Conversely companies with the same ratings may well achieve differing spreads. "You can see significant variations in the spread performances of companies with the same rating level, dependent on issues to do with how well understood that company is and how well the story has been sold and conveyed in the market," says Patrick Jacob of Dresdner Kleinwort Benson. "There appears to be a very strong differentiation between one triple-B company and another."



Bill Fish
This is partly explained by questions of sector and how the loan is to be used. "Banks are getting much more sensitive about whether something's funded or not, whether it's a bridge to a capital markets issuance, or whether it's a permanent debt," says Bill Fish, head of syndicated lending at Schroder Salomon Smith Barney. In terms of sector, there has, for example, been a rise in prices on non-investment grade telecoms, since banks can afford to be choosy in the rush for financing.

And although there have so far not been major problems involved in clearing the market for a telecom-based loan, there are already murmurs that the forthcoming wave of loans for telecom acquisitions, third generation licences and industry restructuring will prove an unmanageable burden for the banks.

It is estimated that over the next six months, the telecoms sector will be looking for loans as large as the amount raised over the whole of last year. M&A activity is expected to continue unabated, on top of which there is a need for money to pay for broadband UMTS licences. These fees will appear in Germany in August, Italy in the third quarter, France around the same time and Belgium at the start of next year. "There is going to be a real appetite to issue," says Jacob. "Deutsche Telek om's massive bond programme is indicative of the fact that they realize they need to get tooled up now before everybody else does."
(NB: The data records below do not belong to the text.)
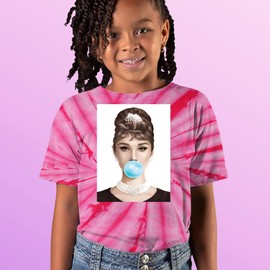 Youth Audrey Hepburn Chewing Bubble Gum T-Shirt Small Spider Pink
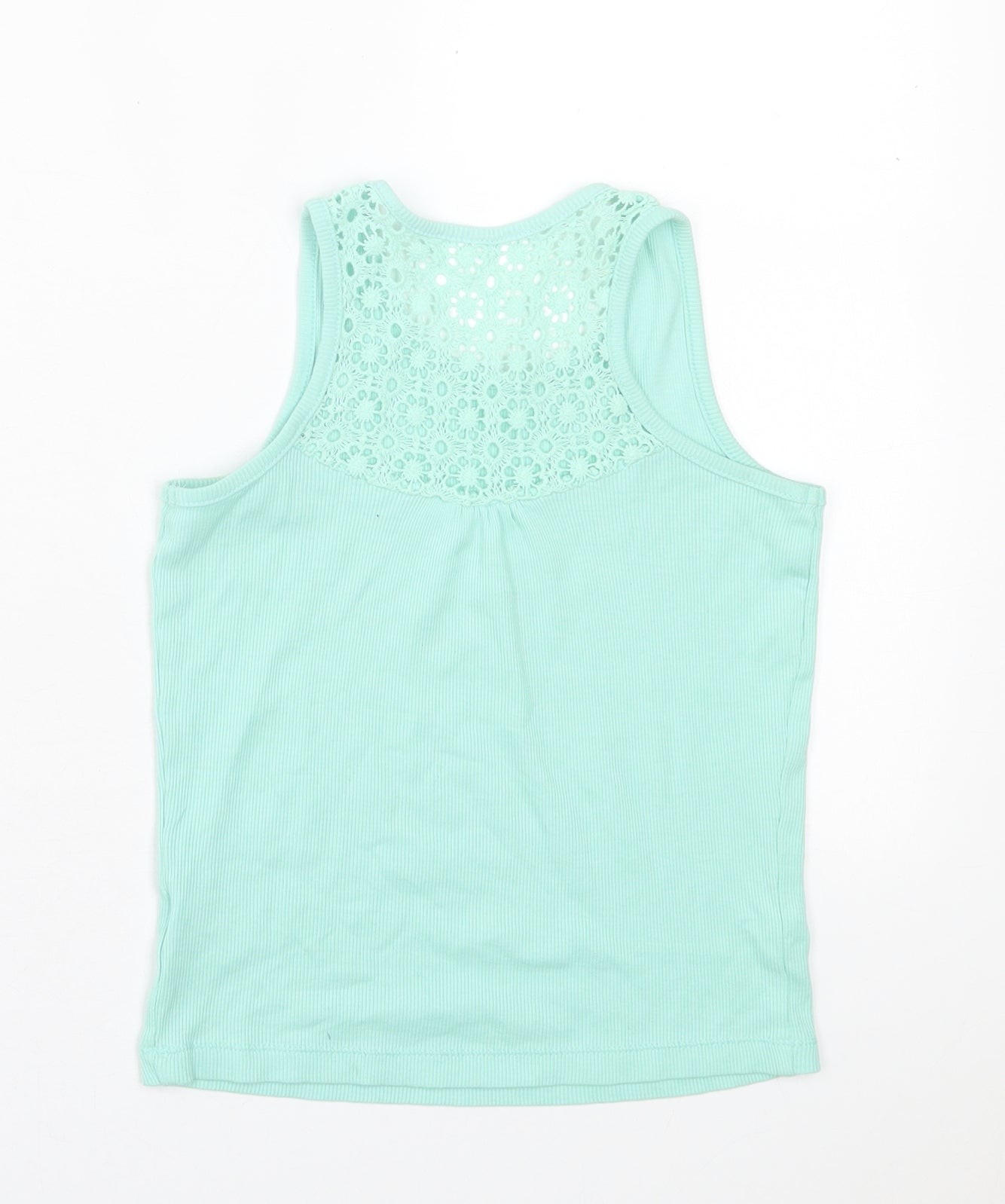 George Girls Green Cotton Basic Tank Size 7-8 Years Crew Neck Pullover image 2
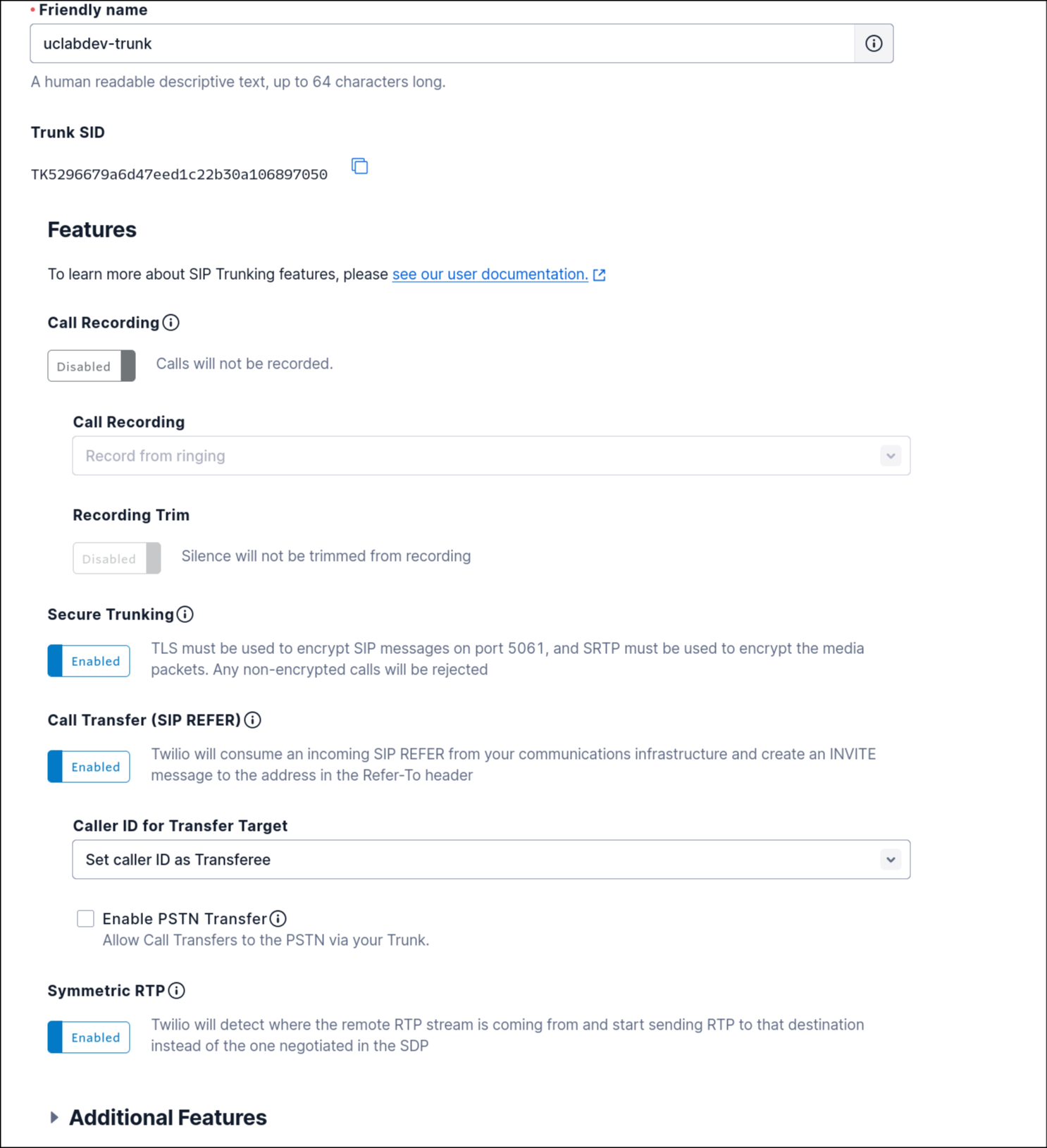 Twilio trunk — General settings and features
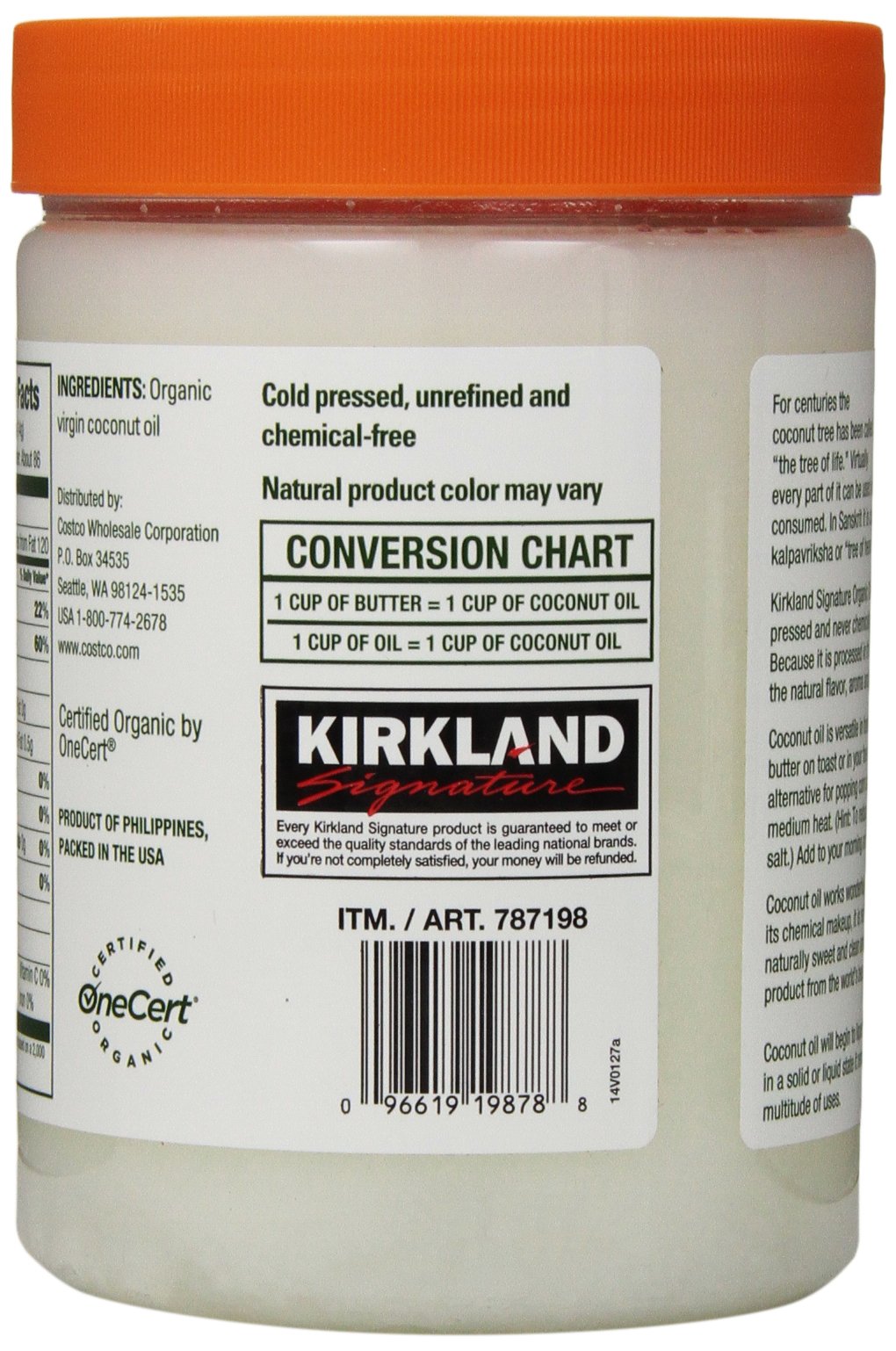 Kirkland Signature Organic Coconut Oil Cold Pressed Unrefined 42.3 Fl Oz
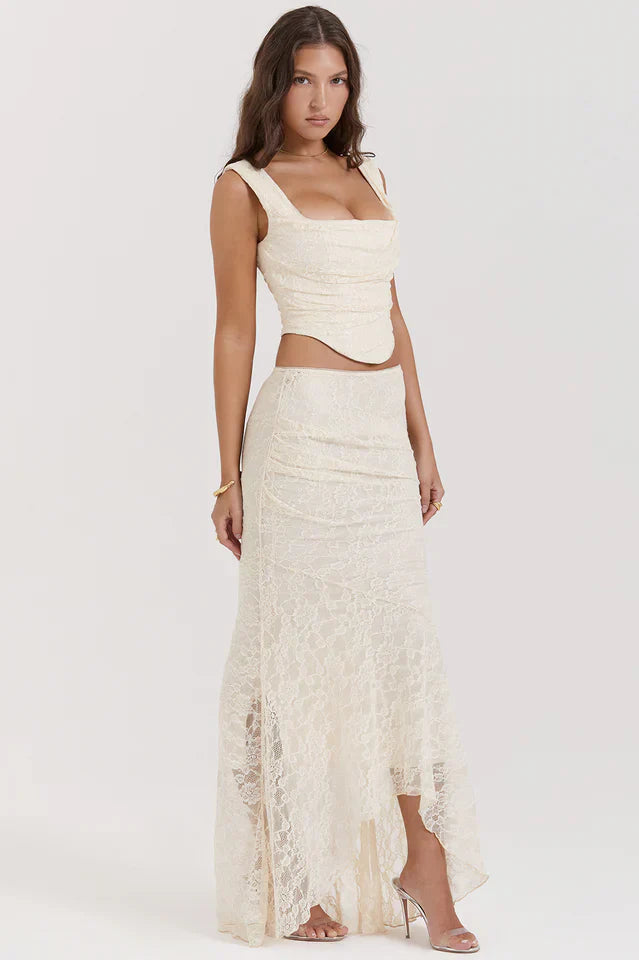 Agnes | Lace Corset Top and Maxi Skirt Set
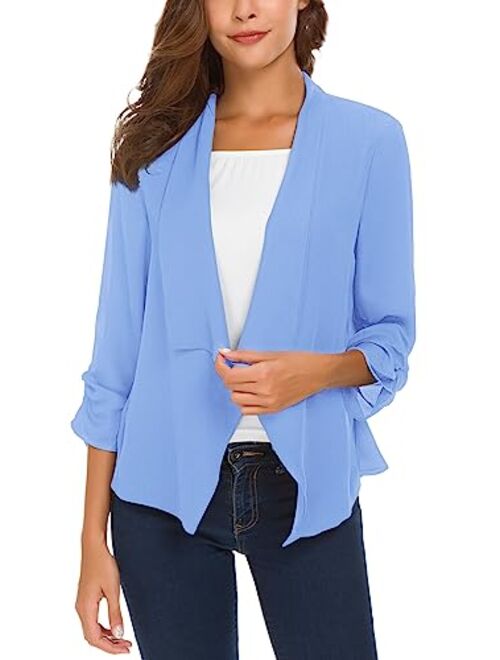 Urban CoCo Women's Ruched Sleeve Lightweight Thin Chiffon Blazer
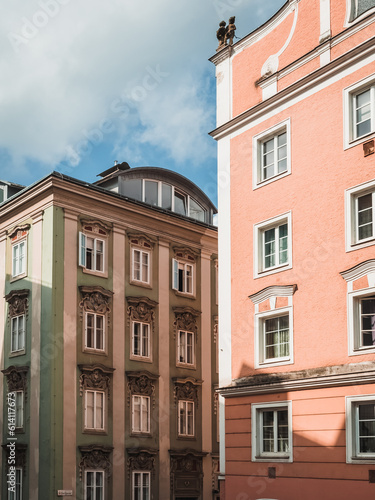 Facades of buildings in Linz, Austria
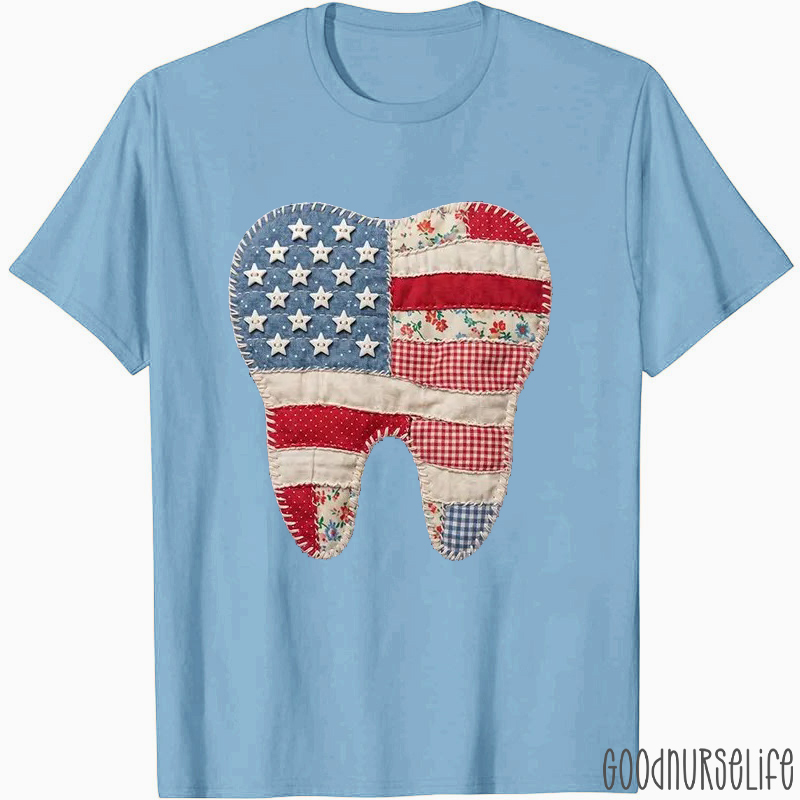 Faux Patchwork Dental T-Shirt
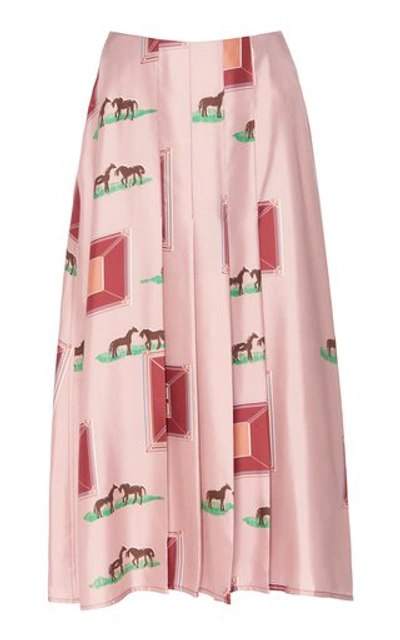Shop Victoria Beckham Printed Pleated Silk Midi Skirt In Pink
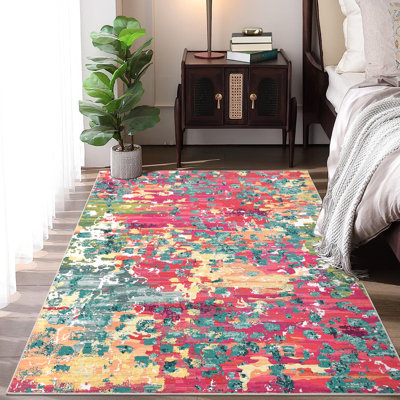 Tapis moderne et coloré abstrait, tapis lavable pour chambre à coucher et salon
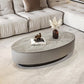 Glam 13.7" H Oval Slate Coffee Table Iron Drum Cocktail Table with Drawer Matte Gray Clearhalo 'Coffee & Accent Tables' 'Coffee Tables' 'coffee_tables' 'furn' 'furn_coffee_tables' 'Furniture' 'Living Room Furniture' 5502332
Problems with higher prices

In order to grab attention, telecoms deals will have to be priced high, think many bankers, but ironically this could cause problems for the banks as well as the corporates. Banks would need to sell down existing loans to free up their portfolios but at present there are a fairly limited number of buyers for such paper. If primary deals become more generously priced existing components will then be below market price, and so in order to sell them off banks will be forced to do so at a loss. "This will make one either unwilling to sell or forced to demand yet higher returns on new issuance," argues Jacobs.

A challenge that faces syndicated lending is the possible tightening of liquidity through bank consolidation. Whereas two separate banks might, before a merger, be happy independently to put large amounts into a loan, after a merger they will not be prepared to expose that shared amount. Appetite does go up but not in keeping with the new size of balance sheet. This has not pushed liquidity out of the market so far but as more consolidation takes place it could be a problem.

"We're at a pretty positive point in the consolidation process in Europe at the moment," says Ritchie, "in that the smaller players that have merged have tended to want to act like bigger players." Thus localized institutions, such as certain Italian and Spanish banks are now looking farther afield and taking part in more deals elsewhere in Europe.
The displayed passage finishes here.